Paul C. Lauterbur Research Center for Biomedical Imaging, Shenzhen Institute of Advanced Technology, Chinese Academy of Sciences, Shenzhen 518055, China; Peng Cheng Laboratory, Shenzhen 518066, China; University of Chinese Academy of Sciences, Beijing 100049, China.
Paul C. Lauterbur Research Center for Biomedical Imaging, Shenzhen Institute of Advanced Technology, Chinese Academy of Sciences, Shenzhen 518055, China.
Med Image Anal. 2024 Oct;97:103299. doi: 10.1016/j.media.2024.103299. Epub 2024 Aug 13.

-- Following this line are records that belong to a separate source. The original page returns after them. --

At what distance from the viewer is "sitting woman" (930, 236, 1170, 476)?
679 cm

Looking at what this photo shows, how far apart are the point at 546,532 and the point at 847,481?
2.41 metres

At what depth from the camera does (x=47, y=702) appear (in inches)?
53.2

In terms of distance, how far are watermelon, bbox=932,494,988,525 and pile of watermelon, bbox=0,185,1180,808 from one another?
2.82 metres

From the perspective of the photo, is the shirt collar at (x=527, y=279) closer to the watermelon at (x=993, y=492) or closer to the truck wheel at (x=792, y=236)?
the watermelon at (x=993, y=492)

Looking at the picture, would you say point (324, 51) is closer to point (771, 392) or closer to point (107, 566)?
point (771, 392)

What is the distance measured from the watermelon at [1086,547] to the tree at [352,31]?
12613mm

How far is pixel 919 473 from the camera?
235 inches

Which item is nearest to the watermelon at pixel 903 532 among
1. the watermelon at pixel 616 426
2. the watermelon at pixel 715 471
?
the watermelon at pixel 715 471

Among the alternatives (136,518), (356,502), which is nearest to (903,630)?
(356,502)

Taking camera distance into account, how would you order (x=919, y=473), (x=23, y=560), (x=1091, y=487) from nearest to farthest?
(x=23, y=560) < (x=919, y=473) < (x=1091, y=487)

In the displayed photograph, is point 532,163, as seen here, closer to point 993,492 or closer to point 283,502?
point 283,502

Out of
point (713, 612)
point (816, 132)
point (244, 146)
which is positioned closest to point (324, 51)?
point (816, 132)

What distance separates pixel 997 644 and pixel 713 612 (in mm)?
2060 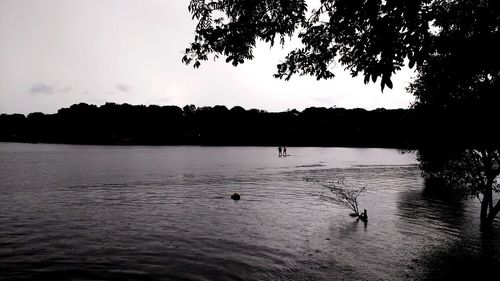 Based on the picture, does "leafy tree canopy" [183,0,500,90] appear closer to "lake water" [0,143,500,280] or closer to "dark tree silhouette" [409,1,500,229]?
"dark tree silhouette" [409,1,500,229]

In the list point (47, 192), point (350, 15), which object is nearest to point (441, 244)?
point (350, 15)

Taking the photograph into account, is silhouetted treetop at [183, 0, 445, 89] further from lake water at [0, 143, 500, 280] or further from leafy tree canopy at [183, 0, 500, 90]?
lake water at [0, 143, 500, 280]

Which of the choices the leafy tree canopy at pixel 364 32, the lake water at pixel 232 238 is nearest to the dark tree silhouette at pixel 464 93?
the leafy tree canopy at pixel 364 32

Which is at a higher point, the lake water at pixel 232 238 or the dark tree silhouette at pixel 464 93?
the dark tree silhouette at pixel 464 93

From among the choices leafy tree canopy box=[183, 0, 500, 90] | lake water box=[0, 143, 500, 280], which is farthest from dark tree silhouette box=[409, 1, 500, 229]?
lake water box=[0, 143, 500, 280]

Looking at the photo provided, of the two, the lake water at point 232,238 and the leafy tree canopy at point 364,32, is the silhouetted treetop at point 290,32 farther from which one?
the lake water at point 232,238

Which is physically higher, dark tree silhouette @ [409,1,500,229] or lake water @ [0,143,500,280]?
dark tree silhouette @ [409,1,500,229]

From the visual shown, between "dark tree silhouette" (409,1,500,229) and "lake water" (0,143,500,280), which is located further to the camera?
"lake water" (0,143,500,280)

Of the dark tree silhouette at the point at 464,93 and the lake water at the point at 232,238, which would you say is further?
the lake water at the point at 232,238

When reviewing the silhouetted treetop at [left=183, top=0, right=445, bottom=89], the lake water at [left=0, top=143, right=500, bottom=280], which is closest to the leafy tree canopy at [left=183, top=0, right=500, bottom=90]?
the silhouetted treetop at [left=183, top=0, right=445, bottom=89]

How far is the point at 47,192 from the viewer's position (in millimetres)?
35781

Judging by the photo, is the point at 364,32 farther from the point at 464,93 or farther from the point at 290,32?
the point at 464,93

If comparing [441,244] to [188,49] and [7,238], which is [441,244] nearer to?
[188,49]

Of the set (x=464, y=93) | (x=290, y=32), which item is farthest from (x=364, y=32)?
(x=464, y=93)
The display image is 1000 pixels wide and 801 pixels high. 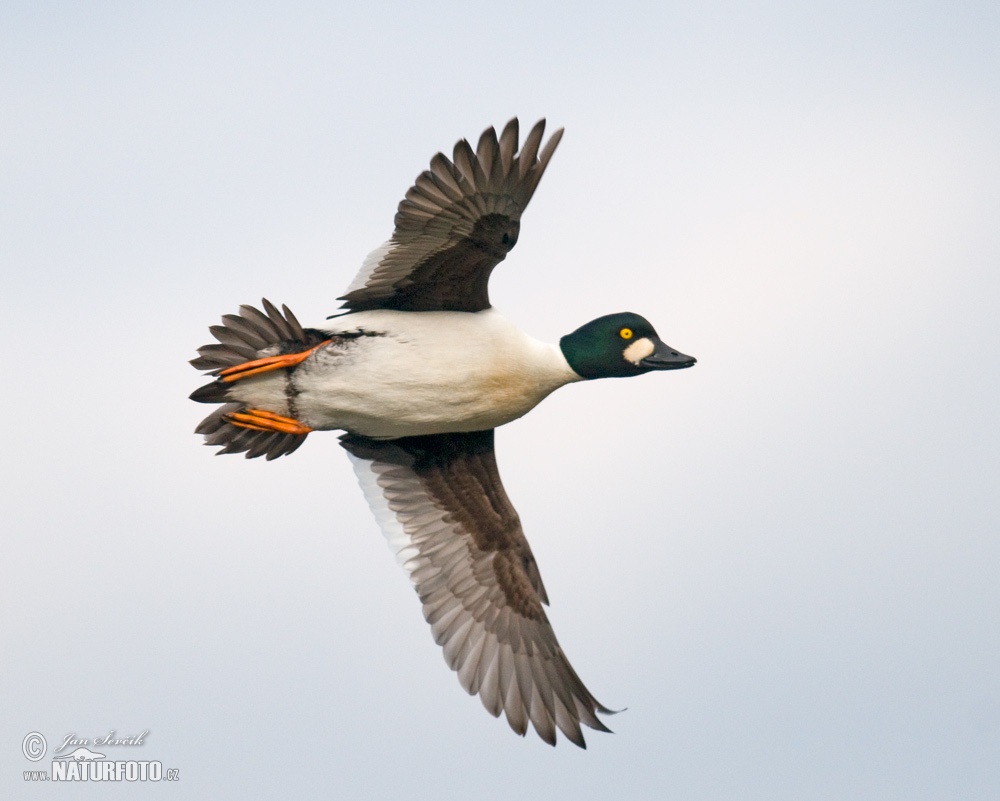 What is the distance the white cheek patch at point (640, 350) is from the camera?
34.1 feet

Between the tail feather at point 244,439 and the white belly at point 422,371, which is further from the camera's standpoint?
the tail feather at point 244,439

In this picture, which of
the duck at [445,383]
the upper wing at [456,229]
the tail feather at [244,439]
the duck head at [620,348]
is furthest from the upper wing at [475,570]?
the upper wing at [456,229]

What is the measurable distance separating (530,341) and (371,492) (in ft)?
6.13

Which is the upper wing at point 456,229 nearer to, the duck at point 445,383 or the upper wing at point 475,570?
the duck at point 445,383

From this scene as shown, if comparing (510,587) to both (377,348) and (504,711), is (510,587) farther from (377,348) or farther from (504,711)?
(377,348)

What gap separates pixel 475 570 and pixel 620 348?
2.12 metres

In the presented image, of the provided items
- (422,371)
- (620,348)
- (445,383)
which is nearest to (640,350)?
→ (620,348)

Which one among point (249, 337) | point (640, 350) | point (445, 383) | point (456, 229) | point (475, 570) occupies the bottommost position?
point (475, 570)

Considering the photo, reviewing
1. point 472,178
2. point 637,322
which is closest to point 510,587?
point 637,322

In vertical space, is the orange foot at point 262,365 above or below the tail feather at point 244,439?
above

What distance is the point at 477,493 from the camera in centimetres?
1117

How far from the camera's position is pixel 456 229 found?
9.41 meters

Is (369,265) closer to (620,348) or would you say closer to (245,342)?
(245,342)

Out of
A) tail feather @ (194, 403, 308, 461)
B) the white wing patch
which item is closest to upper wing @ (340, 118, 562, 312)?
the white wing patch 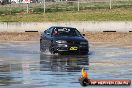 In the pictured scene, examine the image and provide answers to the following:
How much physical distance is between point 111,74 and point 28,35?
28642 millimetres

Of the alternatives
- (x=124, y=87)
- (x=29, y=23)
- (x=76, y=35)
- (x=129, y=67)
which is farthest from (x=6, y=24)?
(x=124, y=87)

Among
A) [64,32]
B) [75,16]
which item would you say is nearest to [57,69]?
[64,32]

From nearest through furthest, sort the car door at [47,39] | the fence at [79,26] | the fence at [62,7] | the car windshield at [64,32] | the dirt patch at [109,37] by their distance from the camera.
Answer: the car door at [47,39] → the car windshield at [64,32] → the dirt patch at [109,37] → the fence at [79,26] → the fence at [62,7]

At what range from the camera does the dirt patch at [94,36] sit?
1849 inches

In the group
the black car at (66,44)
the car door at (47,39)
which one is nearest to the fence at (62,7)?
the car door at (47,39)

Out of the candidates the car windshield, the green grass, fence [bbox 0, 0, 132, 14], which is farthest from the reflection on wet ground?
fence [bbox 0, 0, 132, 14]

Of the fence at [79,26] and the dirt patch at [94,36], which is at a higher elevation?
the fence at [79,26]

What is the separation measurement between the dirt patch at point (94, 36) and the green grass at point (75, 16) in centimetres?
593

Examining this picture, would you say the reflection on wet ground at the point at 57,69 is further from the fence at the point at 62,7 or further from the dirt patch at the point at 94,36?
the fence at the point at 62,7

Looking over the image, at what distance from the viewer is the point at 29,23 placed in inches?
1982

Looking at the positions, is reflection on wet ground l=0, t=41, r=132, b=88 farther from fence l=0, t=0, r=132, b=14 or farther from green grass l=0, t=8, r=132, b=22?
fence l=0, t=0, r=132, b=14

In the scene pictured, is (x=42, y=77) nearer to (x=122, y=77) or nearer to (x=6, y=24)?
(x=122, y=77)

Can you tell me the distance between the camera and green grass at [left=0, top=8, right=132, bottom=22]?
55594mm

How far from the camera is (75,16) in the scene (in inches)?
2232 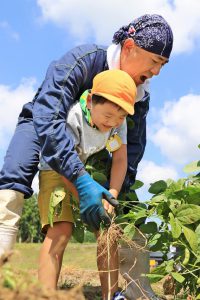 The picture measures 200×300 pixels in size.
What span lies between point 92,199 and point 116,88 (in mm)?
498

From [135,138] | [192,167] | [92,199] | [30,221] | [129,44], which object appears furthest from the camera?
[30,221]

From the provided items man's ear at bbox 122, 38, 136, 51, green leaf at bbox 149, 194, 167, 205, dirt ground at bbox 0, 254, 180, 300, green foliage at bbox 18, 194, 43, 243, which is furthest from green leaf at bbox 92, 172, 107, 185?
green foliage at bbox 18, 194, 43, 243

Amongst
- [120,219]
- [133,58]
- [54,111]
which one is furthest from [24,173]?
[133,58]

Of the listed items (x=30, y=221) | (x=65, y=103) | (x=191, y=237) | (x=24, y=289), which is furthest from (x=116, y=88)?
(x=30, y=221)

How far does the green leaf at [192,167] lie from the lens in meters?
2.53

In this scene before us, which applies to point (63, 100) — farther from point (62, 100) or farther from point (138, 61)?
point (138, 61)

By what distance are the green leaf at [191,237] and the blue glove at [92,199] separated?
1.02 feet

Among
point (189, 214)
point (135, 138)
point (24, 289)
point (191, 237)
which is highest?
point (135, 138)

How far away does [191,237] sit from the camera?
208 cm

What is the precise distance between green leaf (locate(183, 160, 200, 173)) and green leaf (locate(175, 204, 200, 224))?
1.30ft

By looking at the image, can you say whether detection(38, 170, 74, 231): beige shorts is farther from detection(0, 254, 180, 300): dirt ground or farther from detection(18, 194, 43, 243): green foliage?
detection(18, 194, 43, 243): green foliage

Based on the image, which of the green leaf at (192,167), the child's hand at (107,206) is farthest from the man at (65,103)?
the green leaf at (192,167)

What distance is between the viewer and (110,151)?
7.99 feet

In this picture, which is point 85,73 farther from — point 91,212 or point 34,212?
point 34,212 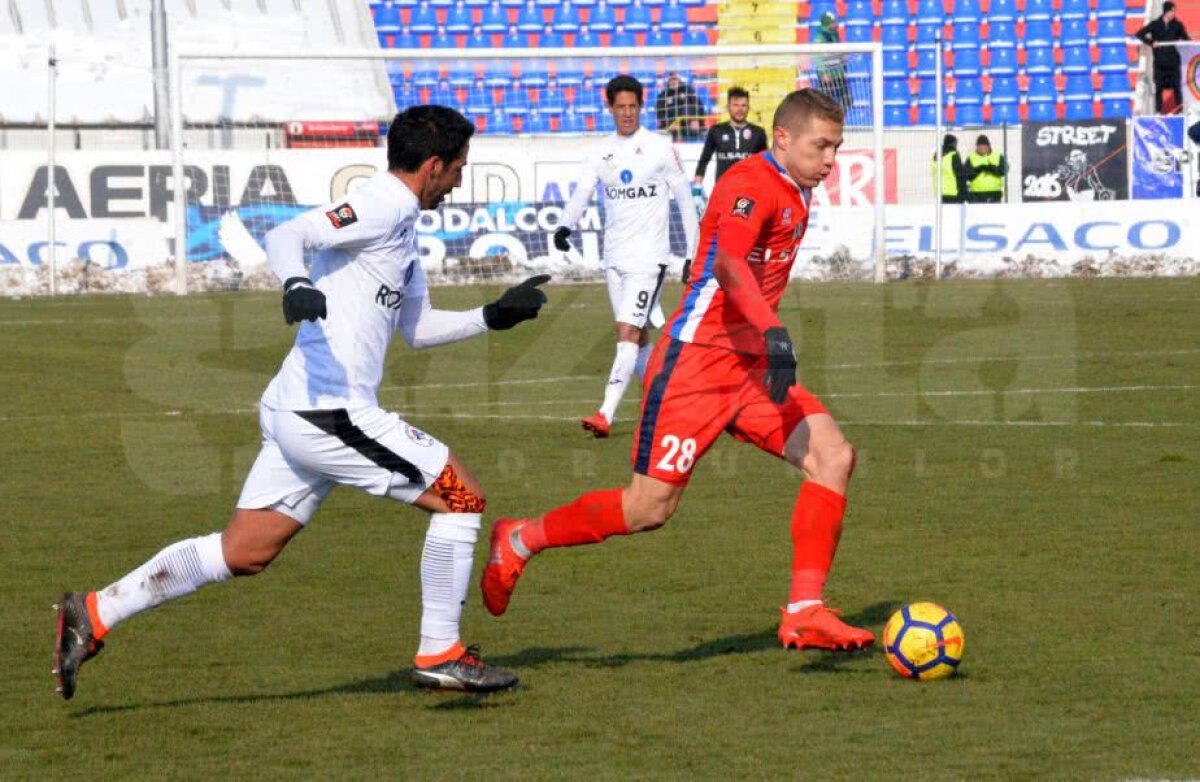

Recently, vision-language representation learning has made remarkable advancements in building up medical foundation models, holding immense potential for transforming the landscape of clinical research and medical care. The underlying hypothesis is that the rich knowledge embedded in radiology reports can effectively assist and guide the learning process, reducing the need for additional labels. However, these reports tend to be complex and sometimes even consist of redundant descriptions that make the representation learning too challenging to capture the key semantic information. This paper develops a novel iterative vision-language representation learning framework by proposing a key semantic knowledge-emphasized report refinement method. Particularly, raw radiology reports are refined to highlight the key information according to a constructed clinical dictionary and two model-optimized knowledge-enhancement metrics. The iterative framework is designed to progressively learn, starting from gaining a general understanding of the patient's condition based on raw reports and gradually refines and extracts critical information essential to the fine-grained analysis tasks. The effectiveness of the proposed framework is validated on various downstream medical image analysis tasks, including disease classification, region-of-interest segmentation, and phrase grounding. Our framework surpasses seven state-of-the-art methods in both fine-tuning and zero-shot settings, demonstrating its encouraging potential for different clinical applications.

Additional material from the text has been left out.